Cc: Alex Deucher <Alexander.Deucher@xxxxxxx>
Cc: Christian König <christian.koenig@xxxxxxx>
Signed-off-by: Luben Tuikov <luben.tuikov@xxxxxxx>
---
drivers/gpu/drm/amd/amdgpu/amdgpu_object.c | 19 +++++++------------
1 file changed, 7 insertions(+), 12 deletions(-)
diff --git a/drivers/gpu/drm/amd/amdgpu/amdgpu_object.c
b/drivers/gpu/drm/amd/amdgpu/amdgpu_object.c
index fd3ab4b5e5bb1f..e0f103f0ec2178 100644
--- a/drivers/gpu/drm/amd/amdgpu/amdgpu_object.c
+++ b/drivers/gpu/drm/amd/amdgpu/amdgpu_object.c
@@ -448,31 +448,26 @@ static bool amdgpu_bo_validate_size(struct
amdgpu_device *adev,
/*
* If GTT is part of requested domains the check must succeed to
- * allow fall back to GTT
+ * allow fall back to GTT.
+ *
+ * Note that allocations can request from either domain. For
+ * this reason, check either in non-exclusive way, and if
+ * neither satisfies, fail the validation.
That's not correct, the original logic was completely intentional.
If both VRAM and GTT are specified it's valid if the size fits only into
GTT.
Given that this patch fixes a kernel oops, should this patch then fail
the validation,
i.e. return false?
It should be sufficient if a BO fits into the GTT domain for size
validation.

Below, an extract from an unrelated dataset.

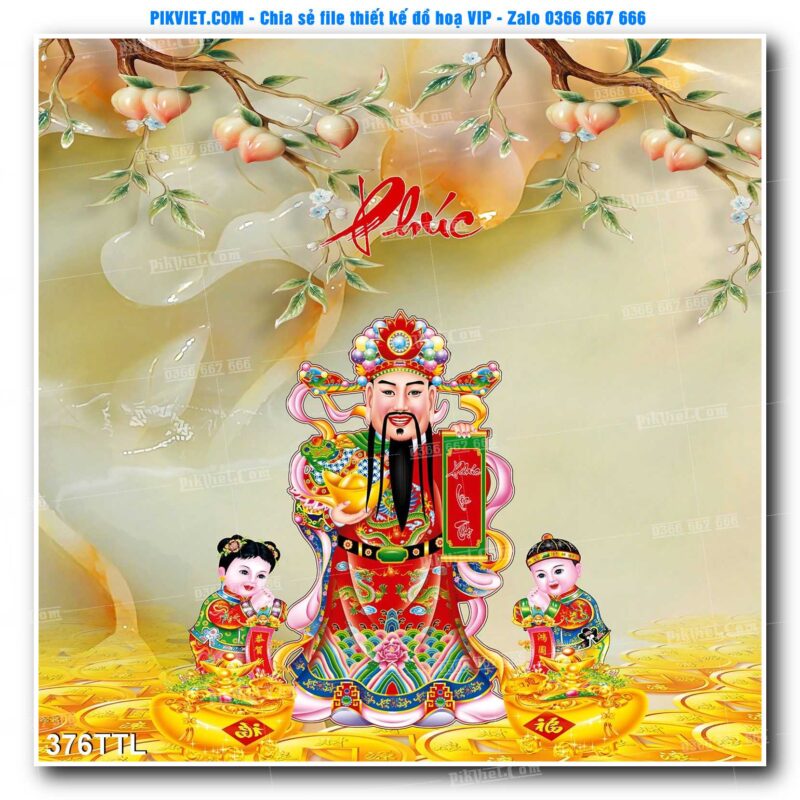 File PSD vector tranh tài lộc mẫu số 376TTL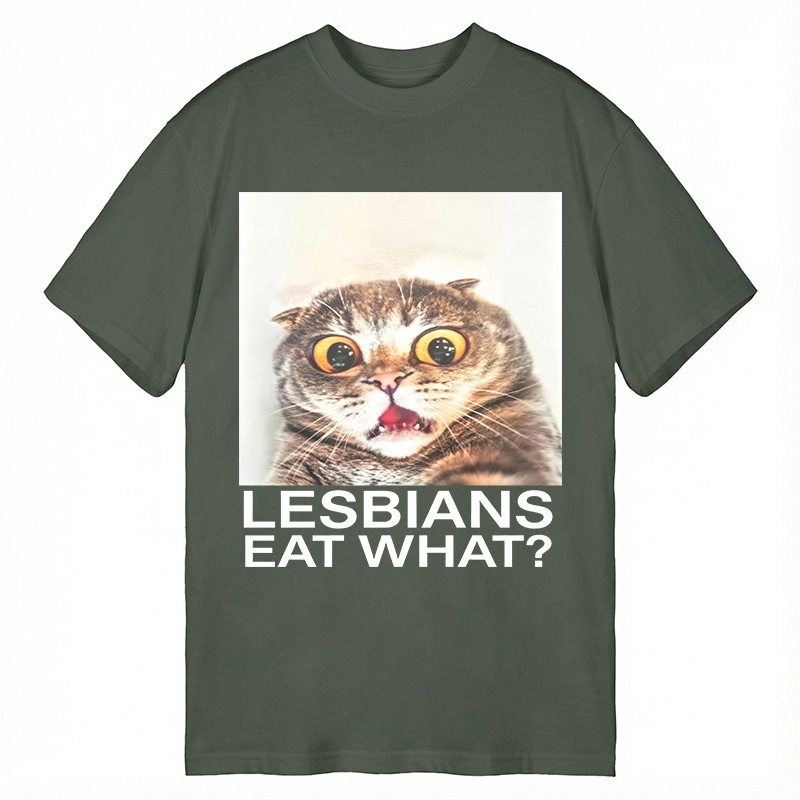Modecanvas Lesbians Eat What? Shocked Cat Meme DTG Printing Classic T-Shirt-modecanvas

If we haven't initialized the GTT domain and end up here we
should probably just ignore it.
This would then fail, in amdgpu_ttm_reserve_tmr():
ret = amdgpu_bo_create_kernel_at(adev,
adev->gmc.real_vram_size - adev->mman.discovery_tmr_size,
adev->mman.discovery_tmr_size,
AMDGPU_GEM_DOMAIN_VRAM |
AMDGPU_GEM_DOMAIN_GTT,
As I said before using amdgpu_bo_create_kernel_at() with VRAM|GTT
doesn't make any sense at all. We should probably drop the domain
parameter altogether.
What is the alternative planned to prevent usage of VRAM at fixed offsets?
BTW, AMDGPU_GEM_DOMAIN_GTT for above doesn't make any sense. Discovery
region is always in VRAM domain.
Thanks,
Lijo
Regards,
Christian.
&adev->mman.discovery_memory,
NULL);
Regards,
Luben